Azure Function Trigger Cheat Sheet
This is a quick reference covering general topics for the most common Azure Function triggers I deal with on a weekly basis. Knowing some of the high level terminology and architecture has helped me *maybe* sound somewhat knowledgeable in conversations with colleagues and customers. Its by no means a conclusive list or troubleshooting guide but hopefully it can be used as quick read/refresher.
Azure Eventhub/Azure IoT Hub
Azure Storage Blobs
Azure Storage Queues
Azure Event Grid
Azure Event Grid allows you to easily build applications with event-based architectures. First, select the Azure resource you would like to subscribe to, and then give the event handler or WebHook endpoint to send the event to. Event Grid has built-in support for events coming from Azure services, like storage blobs and resource groups. Event Grid also has support for your own events, using custom topics.
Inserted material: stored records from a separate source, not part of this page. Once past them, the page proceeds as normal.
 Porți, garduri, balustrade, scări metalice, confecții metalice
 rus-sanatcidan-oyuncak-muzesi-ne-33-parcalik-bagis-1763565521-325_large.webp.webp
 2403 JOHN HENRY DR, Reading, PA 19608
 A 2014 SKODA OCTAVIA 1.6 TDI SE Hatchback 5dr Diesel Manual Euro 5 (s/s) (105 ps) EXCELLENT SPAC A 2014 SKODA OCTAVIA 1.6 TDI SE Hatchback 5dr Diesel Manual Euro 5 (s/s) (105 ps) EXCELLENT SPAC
Protocol – EventGrid calls the Function app with HTTPS (443)
Additional info –
Validation occurs to make sure the endpoint (function) is ready to receive the events. The system key (not function or host key) is used to authenticate EventGrid to the Azure function. The validation can occur one of 2 ways:
- Use and HTTP trigger and use the sample code below to validate the EventGrid subscription.
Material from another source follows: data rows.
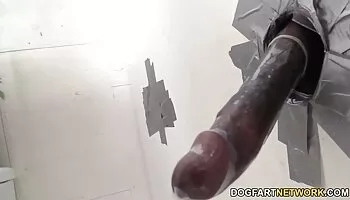 La mejor axxxteca calificada, Mei Naomi, aguanta una polla en sus agujeros cremosos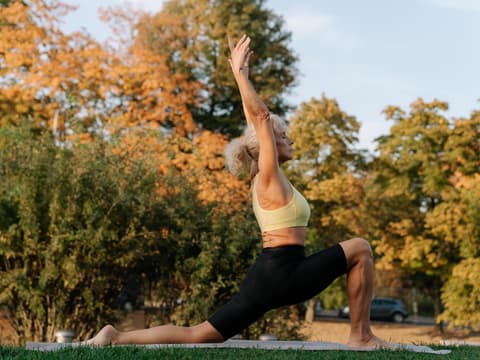 Frau macht Yoga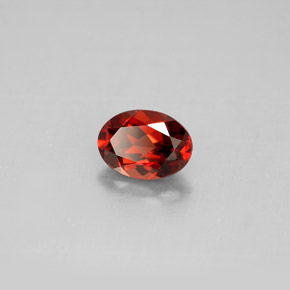 Grenat Almandin Rouge foncé naturelle Coupe ovale, 1.06 ct, VVS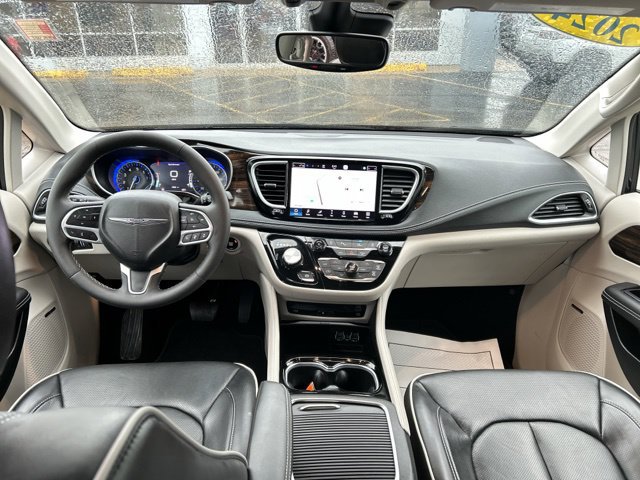 Used 2024 Chrysler Pacifica Limited w/ Uconnect Theater Family Group AWD/4WD image 19
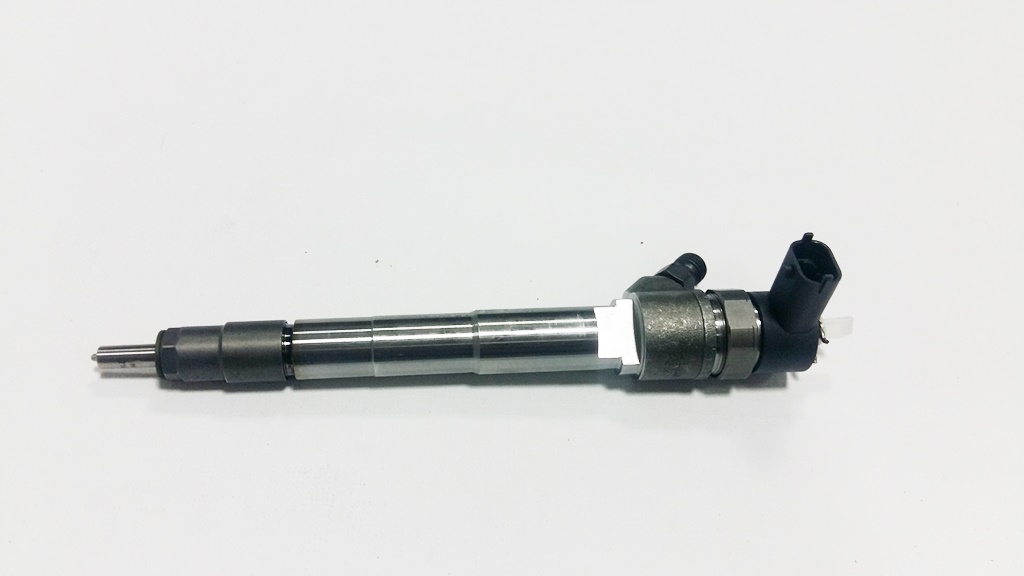 Форсунка топливная BOSCH 0445110376 дв.  ISF2.8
- Using the EventGrid Webjob extension – no additional code needed for the validation
Controlling throughput – Use the entries in the host.json for HTTP functions.
- If you are seeing 429 HTTP responses use the maxOutstandingRequests, maxConcurrentRequests, and dynamicThrottlesEnabled settings to increase throughput.
Examples of getting the Keys:
- Troubleshooting, scaling, and the general behavior besides the validation is the same way with a standard HTTP trigger.
- Validation has to occur before the EventGrid will send messages to the Function App. If the validation fails Eventgrid will keep retrying the validation until it is successful or the user may need to try to reconfigure the function as a webhook.
Restricting Access – No clear documentation on what IPs Eventgrid requests will come from so adding IP restrictions on the function app may ultimately break the connection.
Azure Blob Triggers
Protocol – The Function app calls the Blob endpoint using Https
- Under the covers the runtime scans for existing blobs using the blob logs/checks for exisiting blob in the container and adds the message to a queue which then triggers the function app. There are times where the runtime may timeout trying to get the blobs if there is a significant amount of blobs or entries in the logs.
- For endpoints that need high throughput customers should use EventGrid instead.
- The blob trigger does not work well with containers that have 10k or more blobs
Controlling Throughput – Use host.json entries from the Azure Storage Queue
- Make sure Blob logging is enabled on the storage account
- New logging in the function runtime to come for the blob storage (in the release around 7/26/2019)
- Creating a new blob trigger on an existing blob container that has millions of blobs may not process all of the blobs. The recommendation would create a service that can write all of those blobs to a queue and use a queue triggered function
Restricting Access – Storage Firewalls in general do not work well with Azure Functions – this may change in the future. (7/2019)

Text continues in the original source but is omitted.